Reveling in victory, New Jersey Gov. Chris Christie (R) used his election night speech to lecture his petulant party. He talked about reaching across the aisle, compromise, going to places where it isn’t comfortable. All these things are anathema to the agitated base of the GOP, but are recognized by more clear-eyed Republicans as a roadmap to electoral success at the national level.
Christie’s oration led National Review editor Rich Lowry to ask an interesting question in an opinion piece for Politico: “Can Chris Christie be the Republican Bill Clinton?”
Like Clinton when he was governor of Arkansas in the 1980s, Christie is operating on hostile partisan and cultural territory, and managing to thrive by co-opting or neutralizing natural enemies.
Like the “explainer-in-chief,” Christie has a knack for public persuasion. The New Jersey governor’s relentless town halls during the fight for his public-sector reforms were model examples of making an argument fearlessly and effectively.
Like Clinton, who so famously felt people’s pain, Christie connects. He has a reputation for confrontation — rightly — but Christie’s emotional range is much broader. His response to Hurricane Sandy was, in part, a great act of empathy. Near the end of his victory speech, he spoke about hugging New Jerseyeans.

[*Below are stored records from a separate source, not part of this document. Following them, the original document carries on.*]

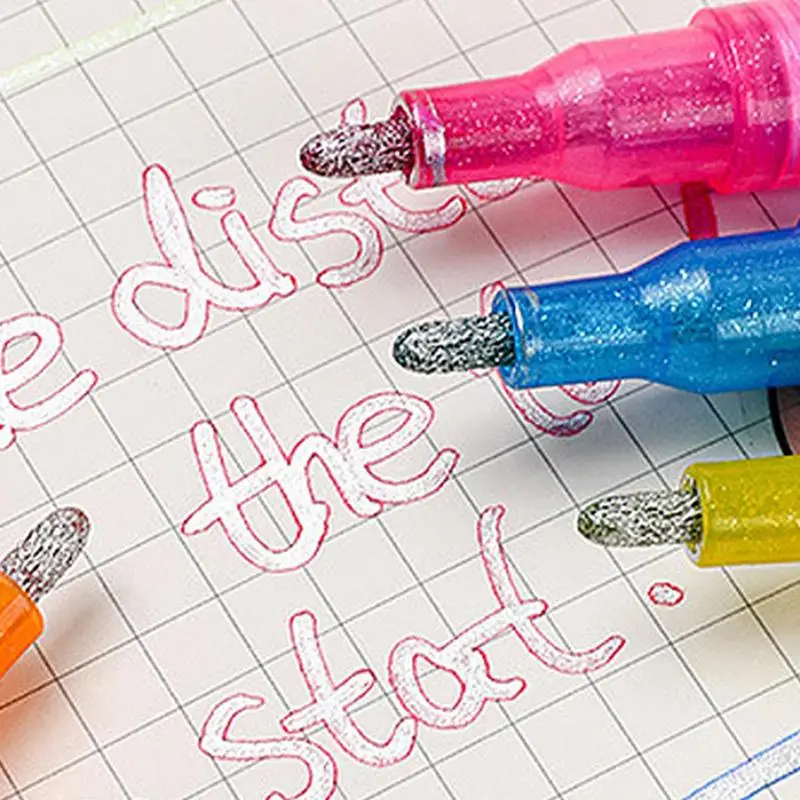 Markery konturowe Podwójnie połyskujące markery Doodle Długopisy do rysowania 24-kolorowy brokatowy żelowy długopis konturowy do rysowania Scrapbooking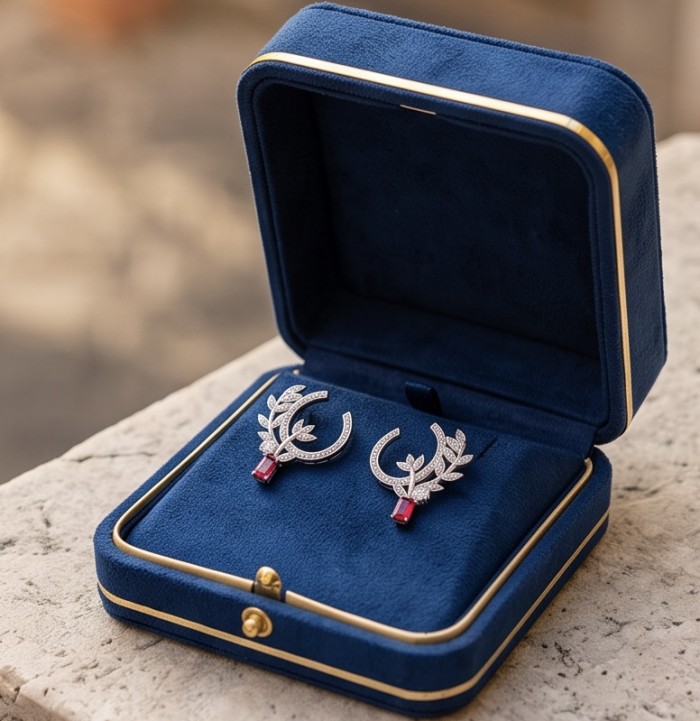 Giovanna - 2.5 carat Ruby .925 Sterling Silver handcrafted incredible earrings - Earrings in blue case, front view, with ruby and sterling silver detail.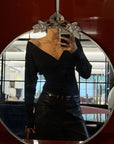 ROVENTE Plunging V-Neck Wrap-Effect Top with Ruched Waist & Long Sleeves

All that Lowry love led a New Jersey political source to e-mail his disagreement. “He’s proven me wrong before,” he said of Christie, “but I think Rudy Giuliani is the more apt comparison.” And then he succinctly made a convincing case.

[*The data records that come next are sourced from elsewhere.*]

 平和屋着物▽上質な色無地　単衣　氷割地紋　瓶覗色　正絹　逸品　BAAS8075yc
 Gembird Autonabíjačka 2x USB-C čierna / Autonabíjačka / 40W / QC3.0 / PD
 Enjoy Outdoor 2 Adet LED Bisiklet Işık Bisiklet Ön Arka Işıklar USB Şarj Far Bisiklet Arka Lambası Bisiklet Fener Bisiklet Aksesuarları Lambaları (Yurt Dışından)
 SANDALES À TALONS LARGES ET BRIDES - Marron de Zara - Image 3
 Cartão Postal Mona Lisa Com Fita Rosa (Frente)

Anyway, you remember President Giuliani, right?
Italian American — check
Former prosecutor — check
From the Northeast/NY Metro area — check
Bully — check
Thin-skinned — check
Two-term chief executive — check
Built his rep on the backs of a disaster — check
Ridiculous hype about his prez aspirations — check
Questions about his conservative bona fides — check
Chief strategist named Mike Duhaime — check
The ridiculous hype about Christie’s presidential ambitions is amusing to watch. He’s the dream candidate of the GOP establishment and the media who doesn’t stand a chance of winning the Republican Party’s presidential nomination. This is especially so if the rules continue to reward pure conservatives over conservatives who could win a national election.

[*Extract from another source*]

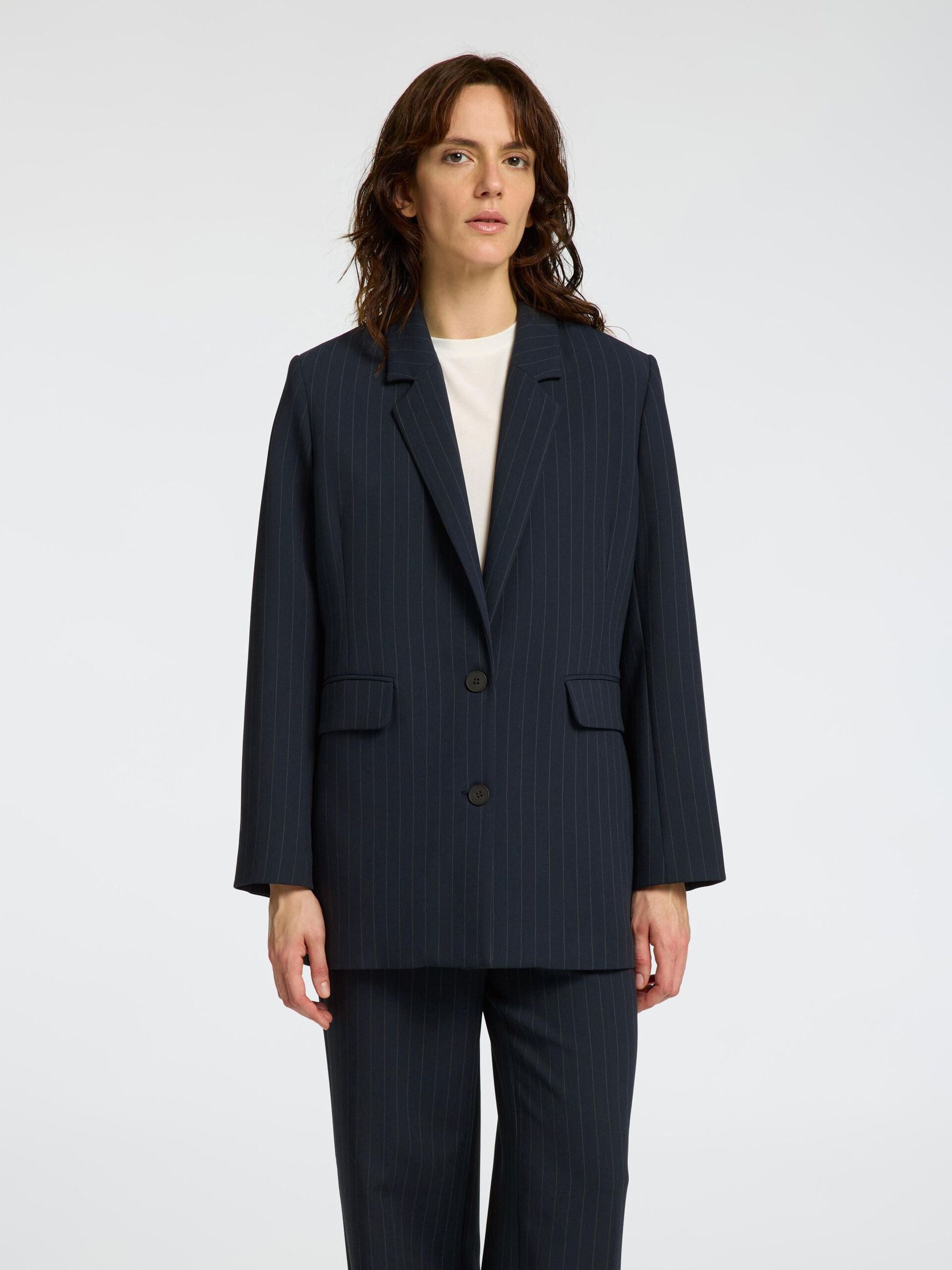 SLF Rita Relaxed Blazer in Dark Sapphire Pin Stripe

Also, might I add that being a thin-skinned bully doesn’t play well outside of the New York media market. Folks love all that tough talk and dressing down of others until it is directed at them or their neighbors and friends on the campaign trail. Also, there is a difference between playing attack dog as a surrogate and being the attack dog at the top of the ticket. No one wants to see that in a potential president.
Still, given his blowout reelection over his Democratic opponent in a state that President Obama carried handily in 2012, the GOP might be smart to nominate Christie. Especially if he does what Lowry says and develops a conservative reform agenda focused on the middle class. But Republicans lately have shown that their capacity for dumb moves is limitless.